* **What to produce**
Retype exactly the span of lines below from the one with "If two lines" through the one with "Hello, this is". Do not include pictures.

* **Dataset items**

------------------------------------------------------------

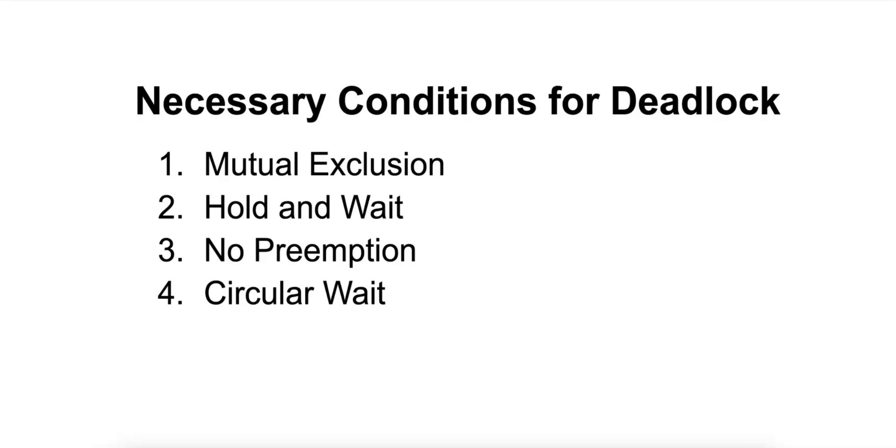Number three is no preemption. The resources held by processes cannot be forcibly taken away. Resources can only be released voluntarily by the process holding them, usually after it has completed its task or operation.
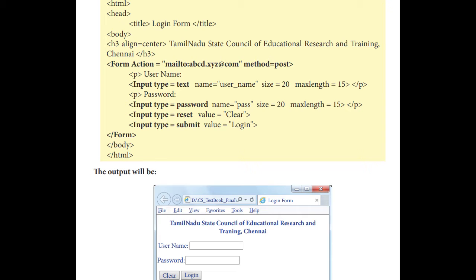When you are entering this code, we will get the output like this. The first heading is there and then username. We will have a text box, password. We will have a password box and then clear and login button.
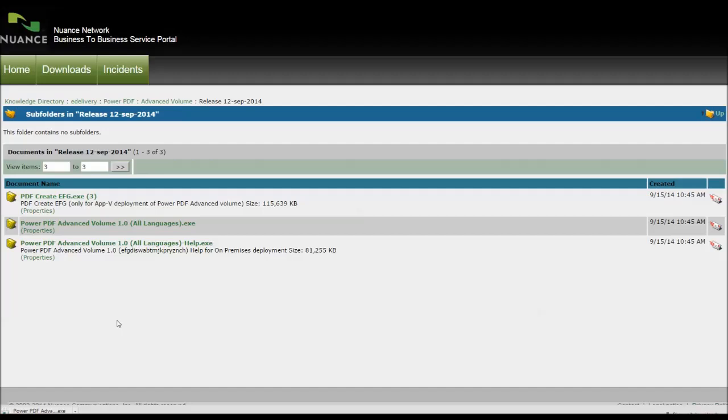The serial number will have been emailed to you in a file when you receive that original registration. If you haven't got that, by all means, give us a call on 1-300-255-900, and we can check with Nuance about where your serial is.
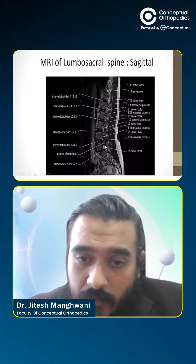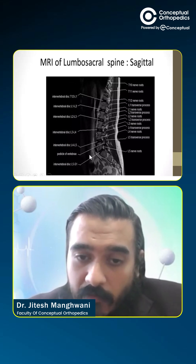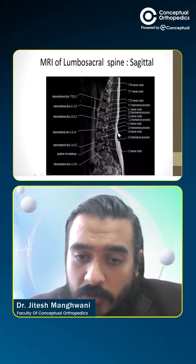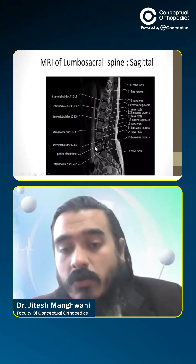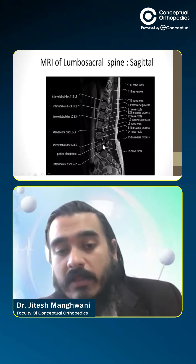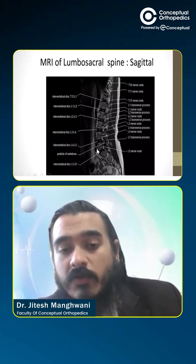This is the pedicle of the vertebra. The posterior elements of the vertebra are joined with the anterior elements via the pedicle.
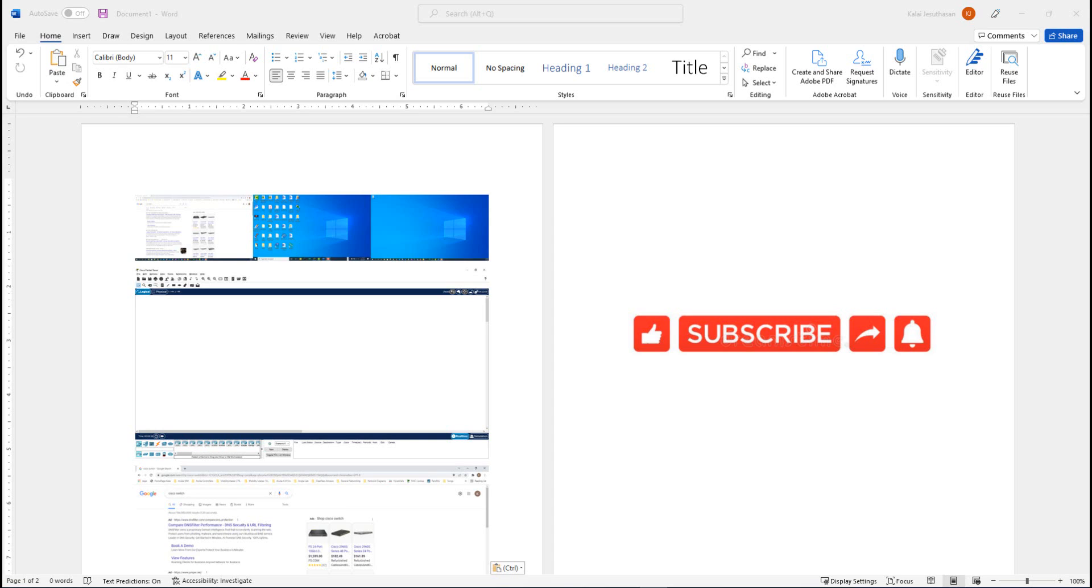If you liked this video, please hit the like button, and if you want to see more videos, please hit the subscribe button and turn on the notification so you will get notified when I have my next video. Alright, thanks, bye.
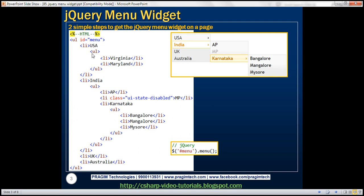So we have an HTML structure with parent-child relationship — that's the first step. The second step is to write this one line of jQuery code. We are finding the unordered list element using its ID with the jQuery ID selector, finding that top-most unordered list element, and on that we're calling the jQuery UI menu function. So with this HTML and this one line of jQuery code, we will get this jQuery menu.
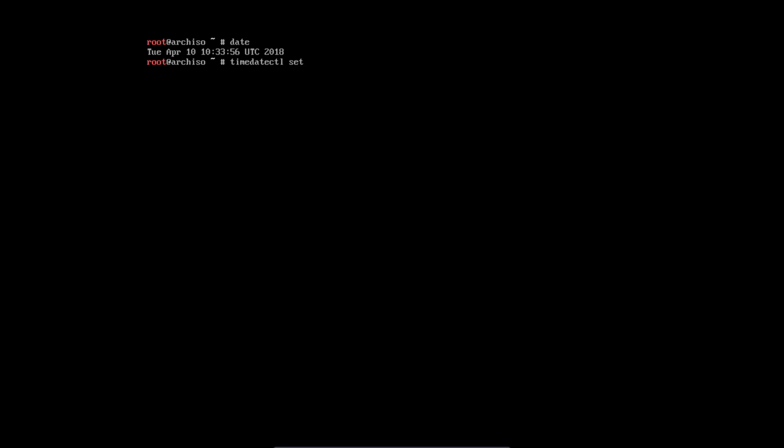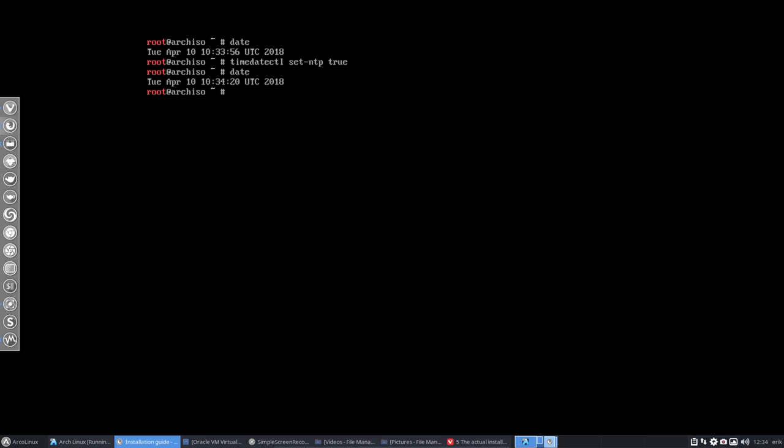So timedatectl, they want me to type, to synchronize, to be really sure that it's on. That's it. It's on. Does it change anything? No, it's just on. So that's it for this tutorial, a very small one to show you that the clock is now synchronized.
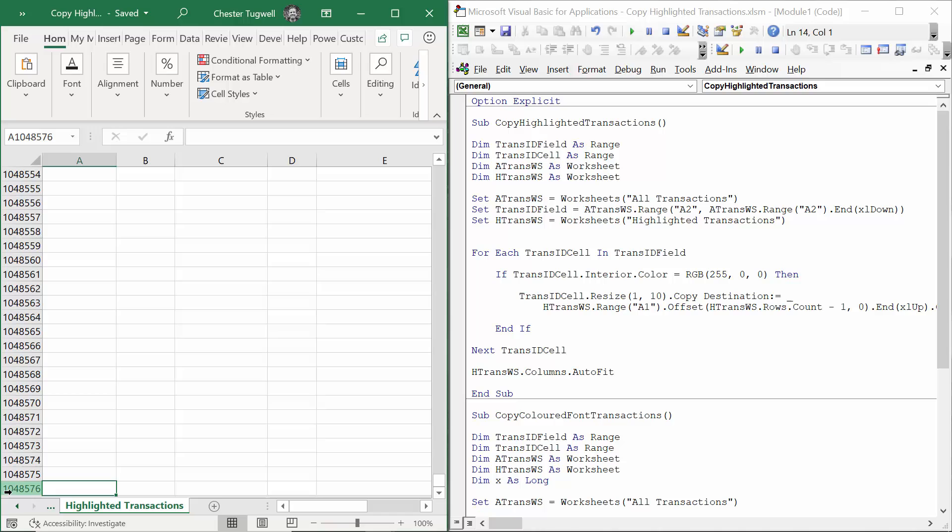Why minus one? Well, if I offset by 1,048,576 I'll end up in cell 1,048,577 which doesn't exist. That's just the way the offset property works. So actually I want to offset by 1,048,575 which would land me in this cell here, the last cell in that column.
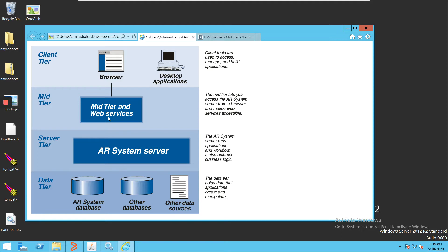It processes the request, fetches the data from the database system, and then returns the result to the web tier. This is just a basic architecture of BMC Remedy and all the applications we built on Remedy function accordingly. Now I will show you in the system how exactly these are set up.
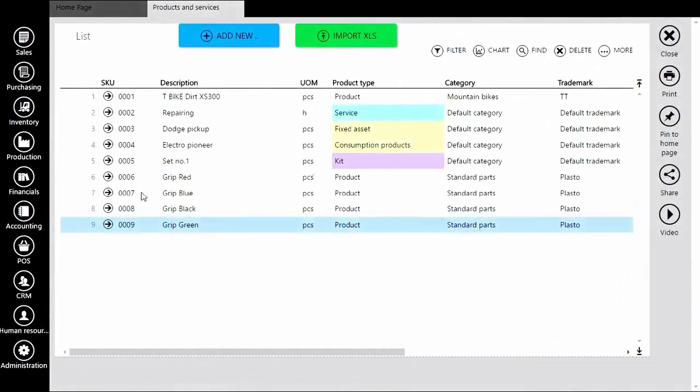As you can see, on our list we have three same products with different colors. Before we set variable product we must create product properties.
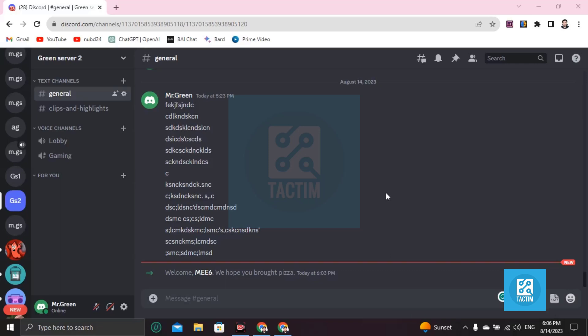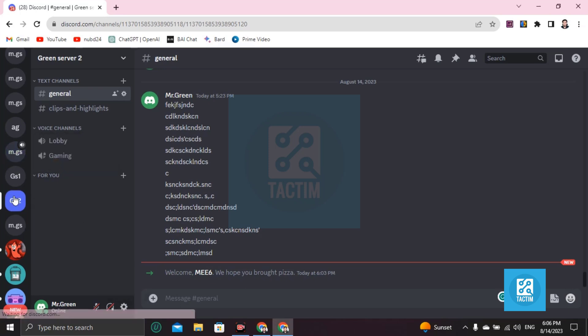Hey guys, welcome to Tech Team Channel. Hope you're doing well. In this video I'm going to show you how you can make your stream louder in Discord. So first, choose the server then unmute it.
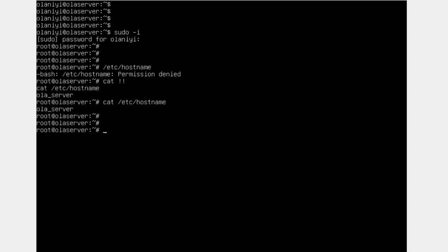The first thing you can see in the prompt is the username, followed by '@', then the hostname. Another thing to keep in mind: if you notice the regular user prompt has a dollar sign '$' at the end of the line, while the root user has a hash '#' at the end. The '#' is used to recognize a root user's prompt, while '$' is used to recognize a normal user's prompt. That's how you can identify the kind of user using the terminal.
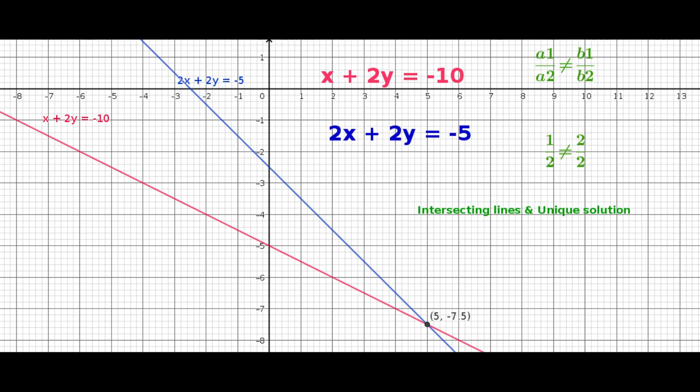If two lines intersect at a point, then the coordinates of the intersecting point is the solution of the pair of linear equations. Therefore, we say the equations are consistent and have a unique solution. Algebraically, this can be represented by taking the ratios of coefficients of X and Y: when lines are intersecting, a1 by a2 is not equal to b1 by b2.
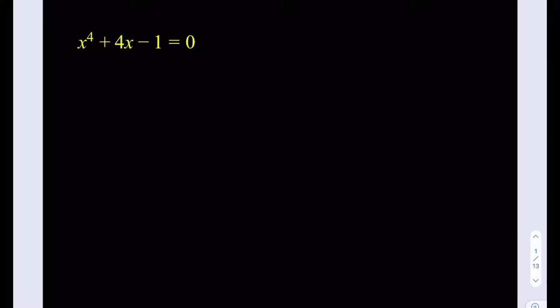Hello everyone. In this video we're going to be solving a quartic equation: x to the fourth power plus 4x minus 1 equals 0.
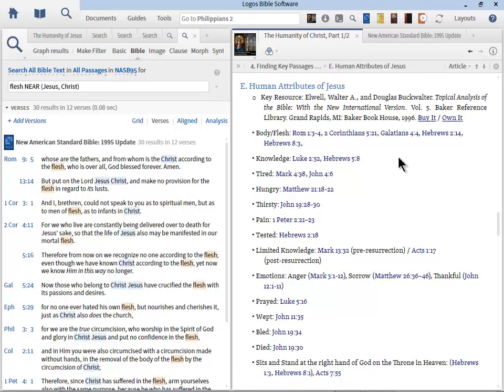Going forward, we need to identify the human attributes of Jesus. We are certainly going to come across many passages talking about Christ's humanity, and you'll be taking notes and going back to your note file, adding those chronologically as we discussed earlier.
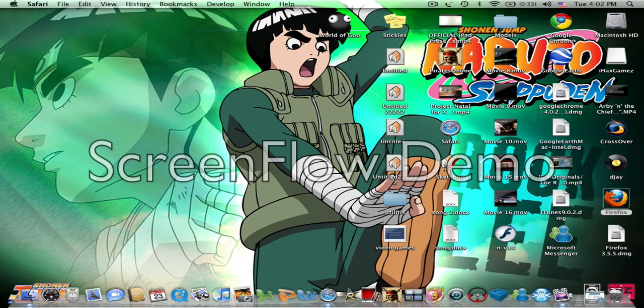Hello, this is Yo Mama Crank and I'm going to be showing you how to get Cheat Engine on your Mac.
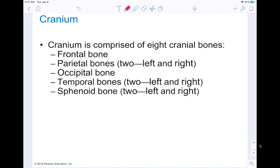The cranium is comprised of eight cranial bones. Sometimes in some resources you'll see an additional one called the ethmoid bone, making it nine — it just depends on the book. For our purposes it's eight bones. We're going to talk about the frontal bone, the parietal bones (left and right), the occipital bone in the back, the temporal bones, and the sphenoid bones on the left and right side as well.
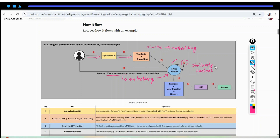Then, once we are able to retrieve the context, in the next step what we will be going to do is we will add the retrieved context, add the user question, and also add the user history. We will combine this —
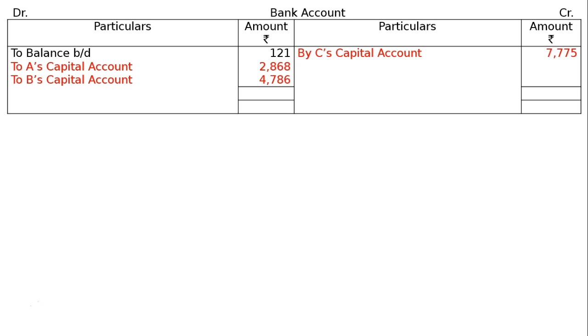Now we have to total both sides of the Bank Account. That is Rs. 775, and this is the final answer.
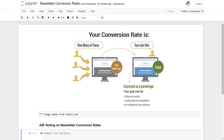Hello everyone, welcome back to my channel with Ms. Shadyoval. In this video, I will show you how we can run A/B testing on any data. Let's understand what type of data you can run A/B testing on and what exactly A/B testing is.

------------------------------------------------------------

* **Reply to the task**
If two lines intersect at a point, then the coordinates of the intersecting point is the solution of the pair of linear equations. Therefore, we say the equations are consistent and have a unique solution. Algebraically, this can be represented by taking the ratios of coefficients of X and Y: when lines are intersecting, a1 by a2 is not equal to b1 by b2.
Hello everyone. In this video we're going to be solving a quartic equation: x to the fourth power plus 4x minus 1 equals 0.
Going forward, we need to identify the human attributes of Jesus. We are certainly going to come across many passages talking about Christ's humanity, and you'll be taking notes and going back to your note file, adding those chronologically as we discussed earlier.
Hello, this is Yo Mama Crank and I'm going to be showing you how to get Cheat Engine on your Mac.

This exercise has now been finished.